Money can’t buy love
and happiness either. In one telephone survey, 275 people
in the San Francisco Bay area were asked if they believed
that they would be significantly happier and more loving if
they had a million dollars. Seventy-six percent of the respondents
replied, "Yes. Absolutely." Then the research company
contacted ten millionaires, and asked them, "Did making
your first million dollars make you a happier or more loving
person?" The response was unanimous: "No."
The best things in life—the
sun in the morning and the moon at night—are free. And
money doesn’t guarantee happiness. But financial abundance
does offer a number of practical benefits. Sleep, for one
thing—very few affluent people stay up late worrying
about having too much money. Money also buys privacy, space,
and silence.
Three things help me
get through life successfully:
an understanding husband,
an extremely good analyst,
and millions and millions of dollars.
—Mary Tyler Moore
Wealthy people do have problems,
but they have less to do with survival. There may be some
forlorn rich people and some delighted poor people, but on
the whole, managing your money certainly gives you a leg up.
Simple Principles for Sufficiency
In Walden Henry David Thoreau
described how by living frugally, growing his own food, building
a hut with scrap lumber he’d found on some land near
Walden Pond, he would only have to work for six weeks a year
to earn enough to live a quiet, contemplative life.

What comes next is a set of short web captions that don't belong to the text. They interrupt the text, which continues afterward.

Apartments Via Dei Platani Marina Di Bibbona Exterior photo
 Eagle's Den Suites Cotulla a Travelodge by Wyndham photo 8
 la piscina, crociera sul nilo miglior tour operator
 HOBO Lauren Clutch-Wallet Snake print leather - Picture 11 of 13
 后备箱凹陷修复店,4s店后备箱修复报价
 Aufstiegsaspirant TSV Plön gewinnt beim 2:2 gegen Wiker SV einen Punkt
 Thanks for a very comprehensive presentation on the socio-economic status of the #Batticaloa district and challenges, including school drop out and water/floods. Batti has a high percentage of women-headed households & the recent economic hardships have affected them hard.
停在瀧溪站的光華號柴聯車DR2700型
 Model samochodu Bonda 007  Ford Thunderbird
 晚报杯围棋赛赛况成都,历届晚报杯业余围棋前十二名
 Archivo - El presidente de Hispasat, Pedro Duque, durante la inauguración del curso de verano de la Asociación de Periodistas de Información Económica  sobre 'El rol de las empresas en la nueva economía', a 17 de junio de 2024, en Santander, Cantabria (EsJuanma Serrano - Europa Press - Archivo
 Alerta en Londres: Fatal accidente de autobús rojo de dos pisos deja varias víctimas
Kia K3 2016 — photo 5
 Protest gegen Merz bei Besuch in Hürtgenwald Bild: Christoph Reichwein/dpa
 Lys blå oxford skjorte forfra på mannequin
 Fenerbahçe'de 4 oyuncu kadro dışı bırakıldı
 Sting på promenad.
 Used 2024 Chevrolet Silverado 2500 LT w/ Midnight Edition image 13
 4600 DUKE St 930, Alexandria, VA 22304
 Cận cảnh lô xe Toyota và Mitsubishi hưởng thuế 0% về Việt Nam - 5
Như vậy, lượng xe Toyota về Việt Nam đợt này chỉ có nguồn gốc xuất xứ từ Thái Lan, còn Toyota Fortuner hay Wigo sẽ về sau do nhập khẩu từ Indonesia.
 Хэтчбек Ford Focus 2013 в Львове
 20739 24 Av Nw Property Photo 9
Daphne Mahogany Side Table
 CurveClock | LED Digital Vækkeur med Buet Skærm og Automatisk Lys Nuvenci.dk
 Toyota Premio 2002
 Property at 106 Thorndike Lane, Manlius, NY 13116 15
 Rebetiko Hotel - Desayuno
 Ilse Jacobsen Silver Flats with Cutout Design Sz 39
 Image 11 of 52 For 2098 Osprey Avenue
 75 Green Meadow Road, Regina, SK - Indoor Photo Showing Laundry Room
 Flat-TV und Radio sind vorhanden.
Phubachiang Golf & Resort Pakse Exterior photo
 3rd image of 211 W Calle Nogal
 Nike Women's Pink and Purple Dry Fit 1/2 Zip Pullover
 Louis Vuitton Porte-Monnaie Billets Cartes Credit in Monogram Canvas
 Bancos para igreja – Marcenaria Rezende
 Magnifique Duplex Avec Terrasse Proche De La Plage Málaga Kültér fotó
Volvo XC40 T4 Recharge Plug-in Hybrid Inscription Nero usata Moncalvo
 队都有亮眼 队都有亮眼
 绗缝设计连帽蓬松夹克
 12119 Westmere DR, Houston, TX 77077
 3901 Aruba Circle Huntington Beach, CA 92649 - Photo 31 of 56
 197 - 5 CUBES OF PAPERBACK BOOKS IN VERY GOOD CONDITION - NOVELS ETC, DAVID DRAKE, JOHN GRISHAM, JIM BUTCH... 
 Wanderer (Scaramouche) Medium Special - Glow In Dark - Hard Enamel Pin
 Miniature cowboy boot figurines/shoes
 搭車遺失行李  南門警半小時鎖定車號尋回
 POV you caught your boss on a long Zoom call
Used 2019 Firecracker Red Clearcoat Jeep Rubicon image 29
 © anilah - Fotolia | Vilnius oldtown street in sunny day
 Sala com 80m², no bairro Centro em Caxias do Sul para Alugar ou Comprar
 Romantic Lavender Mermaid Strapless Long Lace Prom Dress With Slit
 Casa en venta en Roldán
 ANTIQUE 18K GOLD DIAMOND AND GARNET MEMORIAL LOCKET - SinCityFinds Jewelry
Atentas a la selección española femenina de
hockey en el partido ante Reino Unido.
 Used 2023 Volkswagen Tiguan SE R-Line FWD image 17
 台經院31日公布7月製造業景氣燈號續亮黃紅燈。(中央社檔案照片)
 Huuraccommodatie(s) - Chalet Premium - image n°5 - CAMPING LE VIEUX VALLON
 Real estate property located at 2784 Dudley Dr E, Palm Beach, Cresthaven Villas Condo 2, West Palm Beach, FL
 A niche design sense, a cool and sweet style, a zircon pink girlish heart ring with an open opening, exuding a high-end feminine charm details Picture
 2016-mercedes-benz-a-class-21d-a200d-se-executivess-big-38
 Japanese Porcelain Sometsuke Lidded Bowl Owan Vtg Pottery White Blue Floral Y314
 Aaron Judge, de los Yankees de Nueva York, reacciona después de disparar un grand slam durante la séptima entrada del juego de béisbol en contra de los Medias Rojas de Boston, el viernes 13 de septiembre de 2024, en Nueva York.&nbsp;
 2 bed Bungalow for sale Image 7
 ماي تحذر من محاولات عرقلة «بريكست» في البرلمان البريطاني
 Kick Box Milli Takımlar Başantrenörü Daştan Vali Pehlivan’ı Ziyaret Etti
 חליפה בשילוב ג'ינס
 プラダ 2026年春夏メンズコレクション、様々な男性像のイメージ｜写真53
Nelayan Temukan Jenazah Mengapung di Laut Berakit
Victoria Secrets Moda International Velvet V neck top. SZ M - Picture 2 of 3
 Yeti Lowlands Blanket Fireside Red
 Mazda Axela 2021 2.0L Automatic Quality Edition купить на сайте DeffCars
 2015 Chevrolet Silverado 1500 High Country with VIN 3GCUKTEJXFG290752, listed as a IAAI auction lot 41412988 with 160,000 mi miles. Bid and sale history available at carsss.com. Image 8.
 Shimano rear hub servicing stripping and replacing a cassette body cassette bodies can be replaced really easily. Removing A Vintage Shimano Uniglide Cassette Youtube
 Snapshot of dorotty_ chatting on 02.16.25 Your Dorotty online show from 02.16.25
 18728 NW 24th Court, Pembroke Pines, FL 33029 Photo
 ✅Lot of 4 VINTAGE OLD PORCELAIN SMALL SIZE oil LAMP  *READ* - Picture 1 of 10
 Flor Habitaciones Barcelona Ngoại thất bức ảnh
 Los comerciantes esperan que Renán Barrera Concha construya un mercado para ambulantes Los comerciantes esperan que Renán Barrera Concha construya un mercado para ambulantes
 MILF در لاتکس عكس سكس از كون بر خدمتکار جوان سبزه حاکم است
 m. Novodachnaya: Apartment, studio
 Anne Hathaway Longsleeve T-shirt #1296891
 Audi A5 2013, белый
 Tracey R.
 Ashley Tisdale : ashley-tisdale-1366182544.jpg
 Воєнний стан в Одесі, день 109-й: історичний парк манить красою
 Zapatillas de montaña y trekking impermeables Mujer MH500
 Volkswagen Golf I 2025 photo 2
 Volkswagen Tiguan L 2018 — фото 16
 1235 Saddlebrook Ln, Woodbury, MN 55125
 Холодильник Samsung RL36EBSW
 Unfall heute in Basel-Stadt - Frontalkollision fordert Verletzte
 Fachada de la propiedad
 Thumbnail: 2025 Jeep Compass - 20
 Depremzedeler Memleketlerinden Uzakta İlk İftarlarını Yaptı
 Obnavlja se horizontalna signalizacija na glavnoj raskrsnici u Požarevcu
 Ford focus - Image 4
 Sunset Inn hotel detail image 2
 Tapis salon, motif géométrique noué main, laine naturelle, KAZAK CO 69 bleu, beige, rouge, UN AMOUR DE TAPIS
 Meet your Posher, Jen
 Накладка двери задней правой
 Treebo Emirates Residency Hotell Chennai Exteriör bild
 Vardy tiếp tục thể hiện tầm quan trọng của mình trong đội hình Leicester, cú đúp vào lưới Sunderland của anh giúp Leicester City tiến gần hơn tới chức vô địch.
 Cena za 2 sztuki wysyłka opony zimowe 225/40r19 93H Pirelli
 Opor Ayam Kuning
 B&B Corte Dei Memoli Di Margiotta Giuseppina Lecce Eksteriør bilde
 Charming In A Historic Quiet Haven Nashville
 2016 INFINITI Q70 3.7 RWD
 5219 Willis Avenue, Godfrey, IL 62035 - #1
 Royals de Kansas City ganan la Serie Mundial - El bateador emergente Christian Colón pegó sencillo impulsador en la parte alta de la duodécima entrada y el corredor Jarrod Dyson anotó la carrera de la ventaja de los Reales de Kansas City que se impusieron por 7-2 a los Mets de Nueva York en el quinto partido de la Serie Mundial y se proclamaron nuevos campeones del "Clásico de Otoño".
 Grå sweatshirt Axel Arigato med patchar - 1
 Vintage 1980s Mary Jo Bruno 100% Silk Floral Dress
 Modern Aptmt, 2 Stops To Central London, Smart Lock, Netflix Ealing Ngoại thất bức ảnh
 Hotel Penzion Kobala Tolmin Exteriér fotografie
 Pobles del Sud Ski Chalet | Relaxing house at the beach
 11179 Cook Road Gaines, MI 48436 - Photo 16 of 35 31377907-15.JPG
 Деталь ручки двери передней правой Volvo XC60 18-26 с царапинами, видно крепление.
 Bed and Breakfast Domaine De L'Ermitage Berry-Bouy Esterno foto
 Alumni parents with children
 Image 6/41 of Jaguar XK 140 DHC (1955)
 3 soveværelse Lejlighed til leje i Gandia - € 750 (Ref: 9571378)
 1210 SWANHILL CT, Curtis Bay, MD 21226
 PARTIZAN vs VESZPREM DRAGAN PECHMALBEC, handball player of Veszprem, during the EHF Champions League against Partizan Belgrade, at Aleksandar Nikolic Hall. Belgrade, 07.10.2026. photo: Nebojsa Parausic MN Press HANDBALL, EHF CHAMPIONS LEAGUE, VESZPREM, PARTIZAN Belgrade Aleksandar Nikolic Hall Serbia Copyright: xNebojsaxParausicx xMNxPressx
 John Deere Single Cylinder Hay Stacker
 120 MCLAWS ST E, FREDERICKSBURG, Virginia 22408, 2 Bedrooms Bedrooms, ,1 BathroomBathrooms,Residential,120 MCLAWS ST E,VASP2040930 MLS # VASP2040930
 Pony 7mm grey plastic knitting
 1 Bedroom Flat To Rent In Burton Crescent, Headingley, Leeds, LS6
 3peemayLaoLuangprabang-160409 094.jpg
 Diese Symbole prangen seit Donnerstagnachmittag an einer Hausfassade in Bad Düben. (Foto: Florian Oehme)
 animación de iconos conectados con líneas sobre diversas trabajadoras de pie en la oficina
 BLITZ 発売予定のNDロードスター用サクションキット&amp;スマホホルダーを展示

There
is much to admire about his experiment (which lasted a season
or two), but such a life is not for everyone. You may not
want to follow Thoreau to Walden Pond, but here are some simple
principles that you can follow:
Live Below Your Means
Many of us believe our main
money problem is how to make more of it, but how we spend
it is in fact more important. Because as our income increases,
so do desires and expenses. It’s all a matter of scale.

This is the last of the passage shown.